Our Horses are our business. Our horses are also our family. I have been accused several times in my life of spending more time in the barn then I do in the house. This is probably true. You can’t spend that much time with anyone, furry or not, without getting a insight into what makes that individual tick and a fondness for their welfare.

Chris and I spend many hard hours searching, selecting, upgrading and maintaining our camp and show herd. We are proud of them. We feel that they represent a diverse and multi-talented group of individuals that will (hopefully) fit the needs of most riders that cross our do or. It is with pride and gratitude (to them) that we take a moment to introduce them to you here.

Enjoy your introduction,

Chris and Amy
Cedar Lodge Horse Staff

PS> All the horses at CL are listed in the links to the left, however in 2015 the campers at Winter Camp decided to introduce the CL horses in song.
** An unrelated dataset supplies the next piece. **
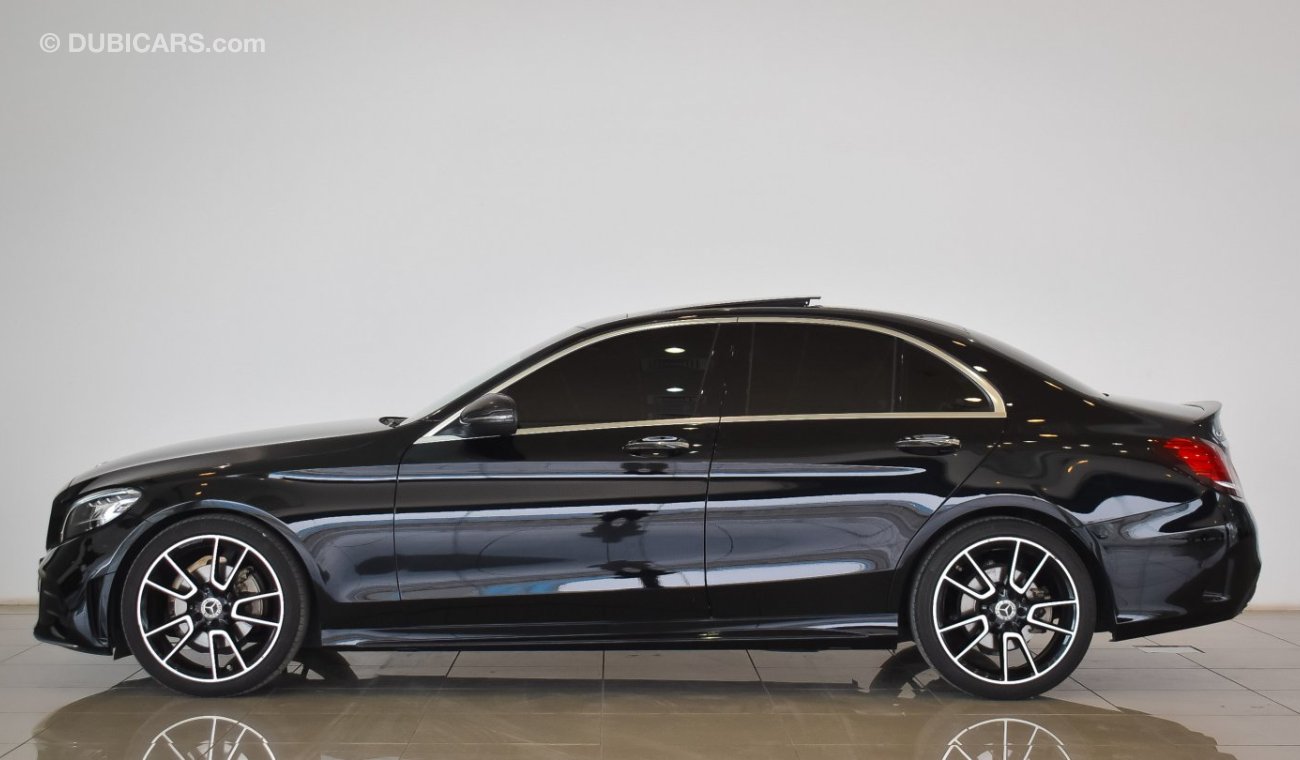 Mercedes-Benz C200 SALOON / Reference: VSB 31713 Certified Pre-Owned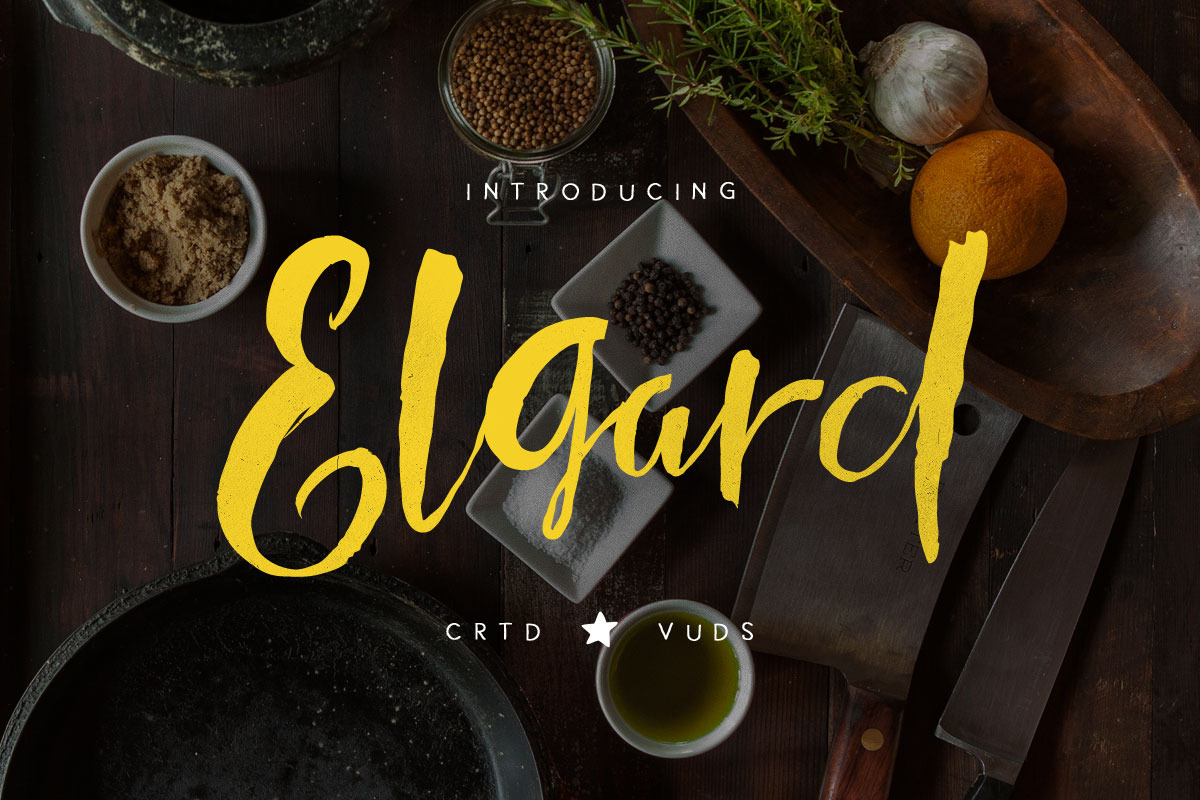 Elgard in Script Fonts - product preview 8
You can check them out HERE

A bit more information:

It has now been several years since I started doing the biographies on the horses. No big surprise to me, these pages are very popular with new campers, as well as returnees that want to check into the progress of horses they know. If you have taken the time to read all of them, you have been reading for a long, long time :). Just a few comments; Please keep in mind that some of these horses can be at Cedar Lodge for years. If they were born here, or bought when young, and if they work out for our program, it’s possible that their bio may start at 2-4 years old and follow them for 20-30 years. That’s a whole lot of time. In rereading some of the bios, especially on some of the show horses, I am starting to see a problem with the bios on the advanced horses. Unlike a school horse that might be bought for one type of rider and stay with that type of rider most their life (I’m thinking of like, Ruben), our show horses can be broke here, start their training with me for their first couple years, get passed on to one of my nieces for a couple of years, do camp show team for many years, get too old for showing and become just a jumping school horse, work down to walk, trot , canter classes, work down to walk, trot classes and finally be retired as a baby sitter. You may see that transition in my occasional updates on their bios. I just looked and realized that there are easily 7 bios. that I need to update along with 7 that need new photos and 3 bios. I need to ad. Whew! I am sorry if the pages can get a bit disjointed in the writing, but these bios take allot of time! Besides the fact, some of the stories are just too fun to edit out and I ad more information. We often say, a good Cedar Lodge horse has a home for life, and many pensioners find their final resting spot buried in the back field with their friends.
Over time, I will try to keep up with our horses many updates as their training and jobs constantly change. I hope you will be tolerant and enjoy the ride.